Skip every image and restate the data word for word.

## Stored data
····················
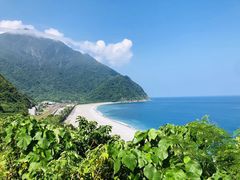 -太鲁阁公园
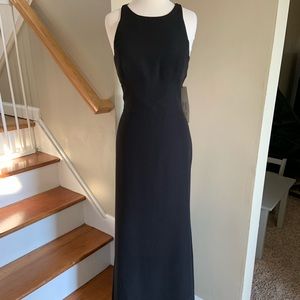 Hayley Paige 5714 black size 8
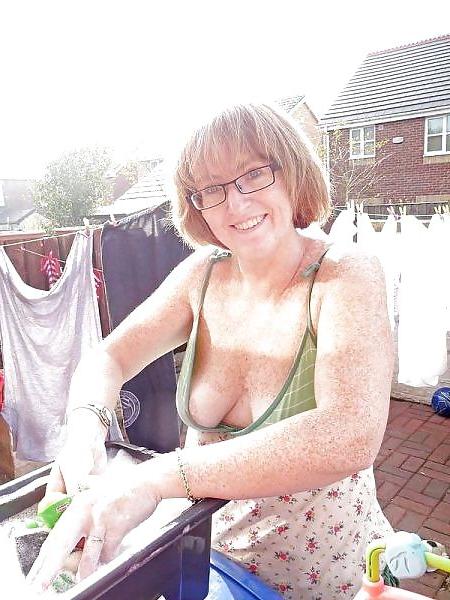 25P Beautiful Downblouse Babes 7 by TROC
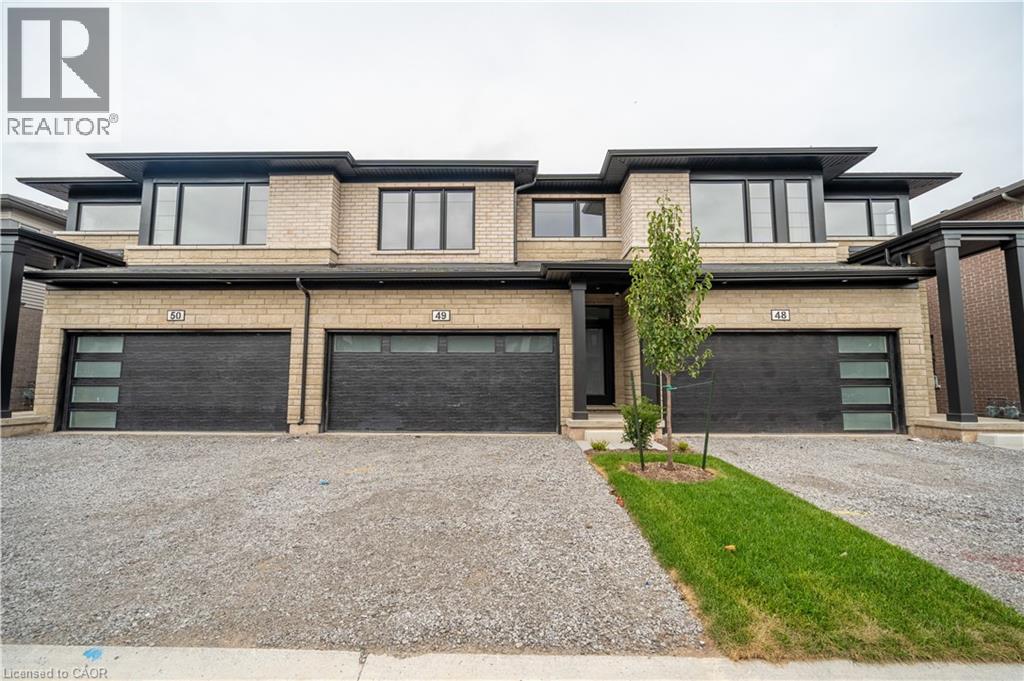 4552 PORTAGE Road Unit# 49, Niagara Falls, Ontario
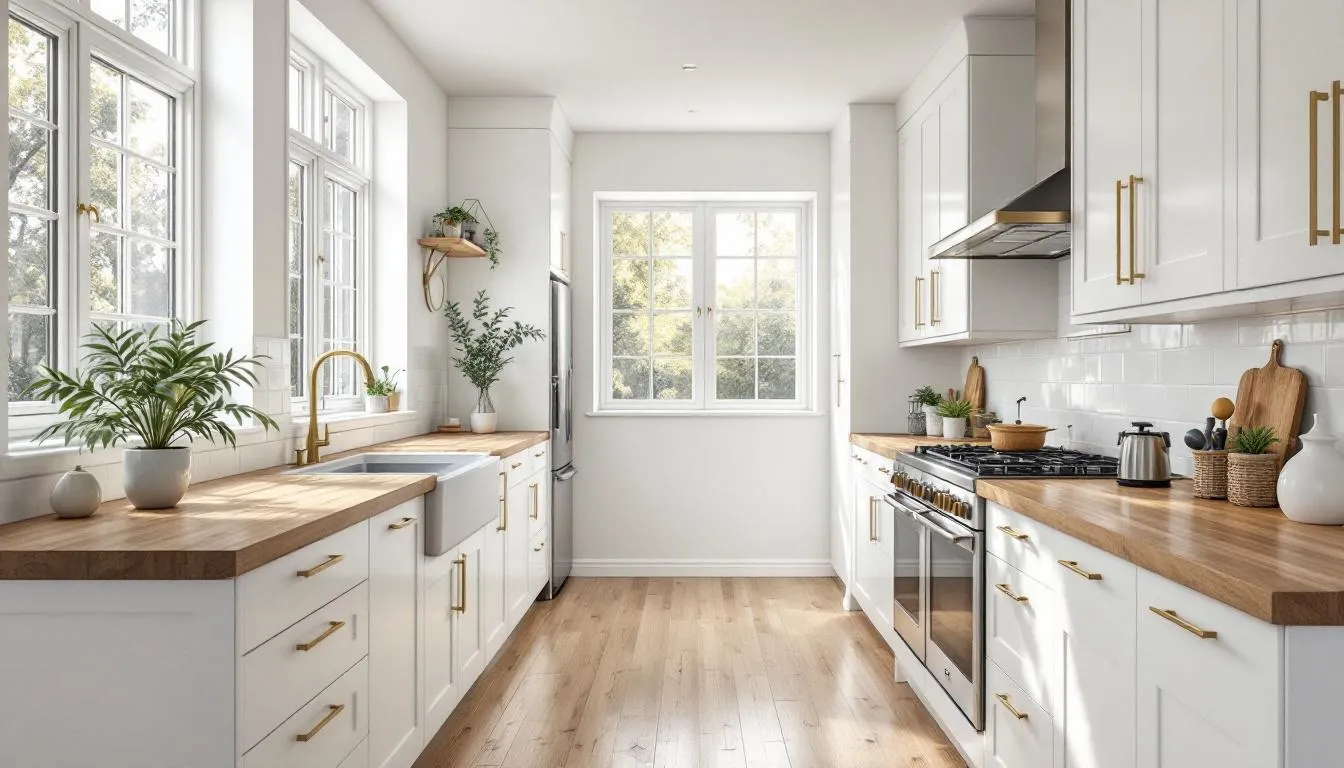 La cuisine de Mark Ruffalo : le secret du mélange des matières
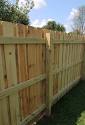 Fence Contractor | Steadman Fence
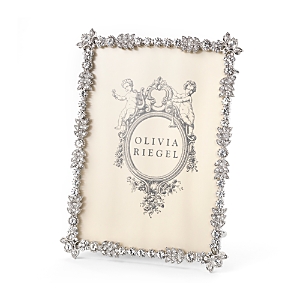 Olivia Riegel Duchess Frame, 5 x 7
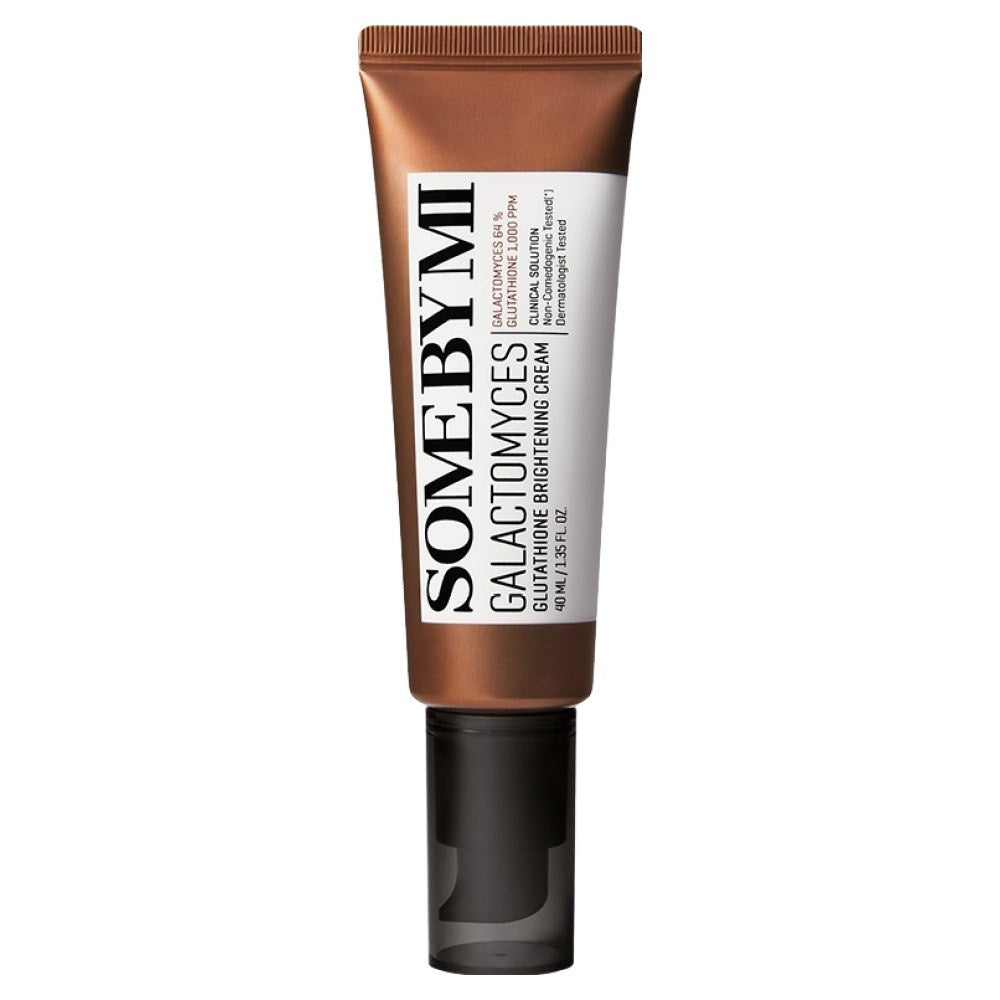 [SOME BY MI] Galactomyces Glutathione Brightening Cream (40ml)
····················
## Solution for this task
 -太鲁阁公园
 Hayley Paige 5714 black size 8
 25P Beautiful Downblouse Babes 7 by TROC
 4552 PORTAGE Road Unit# 49, Niagara Falls, Ontario
 La cuisine de Mark Ruffalo : le secret du mélange des matières
 Fence Contractor | Steadman Fence
 Olivia Riegel Duchess Frame, 5 x 7
 [SOME BY MI] Galactomyces Glutathione Brightening Cream (40ml)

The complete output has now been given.